Filter the records below for the word "beside". Copy each line that holds it.

◆ ◆ ◆ ◆ ◆ ◆ ◆

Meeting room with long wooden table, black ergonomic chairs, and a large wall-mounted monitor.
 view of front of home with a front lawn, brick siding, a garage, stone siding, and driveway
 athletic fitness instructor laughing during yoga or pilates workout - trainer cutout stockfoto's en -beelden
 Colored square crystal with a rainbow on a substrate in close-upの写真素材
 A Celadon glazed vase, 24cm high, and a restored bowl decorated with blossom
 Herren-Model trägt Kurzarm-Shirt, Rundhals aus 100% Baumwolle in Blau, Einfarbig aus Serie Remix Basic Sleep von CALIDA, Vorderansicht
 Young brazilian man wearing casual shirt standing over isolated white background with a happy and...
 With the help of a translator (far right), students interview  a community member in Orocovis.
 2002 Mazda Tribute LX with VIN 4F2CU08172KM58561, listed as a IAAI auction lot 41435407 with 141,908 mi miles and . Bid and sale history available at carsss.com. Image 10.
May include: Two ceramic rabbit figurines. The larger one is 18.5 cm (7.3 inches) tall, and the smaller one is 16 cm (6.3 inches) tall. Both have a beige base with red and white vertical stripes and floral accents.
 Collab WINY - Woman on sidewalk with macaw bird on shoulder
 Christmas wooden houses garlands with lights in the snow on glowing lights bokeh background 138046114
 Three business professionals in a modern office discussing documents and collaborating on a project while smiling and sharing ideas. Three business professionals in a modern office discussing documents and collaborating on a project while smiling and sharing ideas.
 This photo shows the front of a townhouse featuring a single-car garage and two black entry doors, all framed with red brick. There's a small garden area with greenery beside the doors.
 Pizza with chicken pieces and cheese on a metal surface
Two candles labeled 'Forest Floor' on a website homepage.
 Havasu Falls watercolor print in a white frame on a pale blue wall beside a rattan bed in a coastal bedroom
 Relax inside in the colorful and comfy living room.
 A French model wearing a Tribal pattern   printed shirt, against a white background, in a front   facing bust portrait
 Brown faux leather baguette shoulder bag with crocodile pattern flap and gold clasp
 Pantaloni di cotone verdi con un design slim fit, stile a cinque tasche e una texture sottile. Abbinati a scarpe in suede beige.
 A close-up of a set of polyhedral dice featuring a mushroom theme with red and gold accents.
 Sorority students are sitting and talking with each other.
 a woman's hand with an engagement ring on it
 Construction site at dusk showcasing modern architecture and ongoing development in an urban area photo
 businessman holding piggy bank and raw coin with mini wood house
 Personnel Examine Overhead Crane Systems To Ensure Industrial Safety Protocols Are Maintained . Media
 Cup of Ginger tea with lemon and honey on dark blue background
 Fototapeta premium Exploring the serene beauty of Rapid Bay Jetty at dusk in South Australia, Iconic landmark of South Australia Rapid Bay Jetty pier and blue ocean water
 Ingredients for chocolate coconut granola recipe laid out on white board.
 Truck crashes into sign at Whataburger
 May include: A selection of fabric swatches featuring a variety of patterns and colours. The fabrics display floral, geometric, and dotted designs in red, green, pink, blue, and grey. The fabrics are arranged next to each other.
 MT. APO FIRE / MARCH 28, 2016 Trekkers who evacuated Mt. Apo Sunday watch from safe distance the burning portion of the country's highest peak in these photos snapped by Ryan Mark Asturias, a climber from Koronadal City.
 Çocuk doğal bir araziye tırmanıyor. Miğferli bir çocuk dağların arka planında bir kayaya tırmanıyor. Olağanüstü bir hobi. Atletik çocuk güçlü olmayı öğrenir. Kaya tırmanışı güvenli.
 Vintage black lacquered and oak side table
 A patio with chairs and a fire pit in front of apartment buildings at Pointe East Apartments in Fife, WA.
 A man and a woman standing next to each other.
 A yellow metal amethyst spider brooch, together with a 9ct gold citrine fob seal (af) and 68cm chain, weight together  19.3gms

◆ ◆ ◆ ◆ ◆ ◆ ◆

[SOLUTION BELOW]
 This photo shows the front of a townhouse featuring a single-car garage and two black entry doors, all framed with red brick. There's a small garden area with greenery beside the doors.
 Havasu Falls watercolor print in a white frame on a pale blue wall beside a rattan bed in a coastal bedroom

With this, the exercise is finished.